Saturday, July 16, 2011

It's Always the Windows

It’s always the windows, or so it seems.  There is no denying that the design and quality of windows play a huge role in the appearance of a building exterior.  They are both functional (who abhors natural light?) and character-defining.  Take any building, of any style, and fill the windows with wall and you will almost certainly destroy its character.  Sure, it’ll also be more energy efficient (windows, for all their positive attributes simply aren’t.  Period), but that’s another rant.

I have been writing about the re-creation of the long lost transom panels from the 1910-11 Sparta Building in Medford but there is another project, at the opposite end of I-5, that is looking to return a building full of windows to their original, historic, 1945 glory, of a much different, if still important, type.  Famed Portland architect Richard Sundeleaf designed the streamlined building at 300 NW 14th for the General Electric Supply Corporation Building with 15-light industrial steel sash windows creating two complex bands of natural light along all three exterior elevations (the building has a party wall to the north).  In 1980 Sundeleaf, perhaps against his own better judgement, oversaw the remodel (remuddle?) of the building that infilled the entire bottom band with CMU and replaced the operable windows panels on the upper floor with fixed glass panels.  Tinted ones.  Sorry, Mr. Sundeleaf, but WHAT were you thinking?

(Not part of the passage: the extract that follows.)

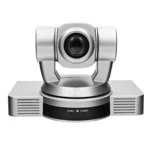 YANS YS-H810DSY 1080P HD 10X Zoom Lens Video Conference Camera with Remote Control, US Plug - Image 2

Cut to owners are in the planning process to entirely remove the existing ugly and replace it with custom manufactured, 15-light, steel sash, industrial windows on both the upper and lower floors.  Two strong, visually dense, bands of windows in place of the current 'single-story on a pedestal look"  will re-establish the character of the exterior.

Windows.  It’s always the windows.  In this case returning them to their original appearance and design will be a positive change for the corner, for the client, and for the history of the building.  I'd like to think, Mr. Sundeleaf would be pleased.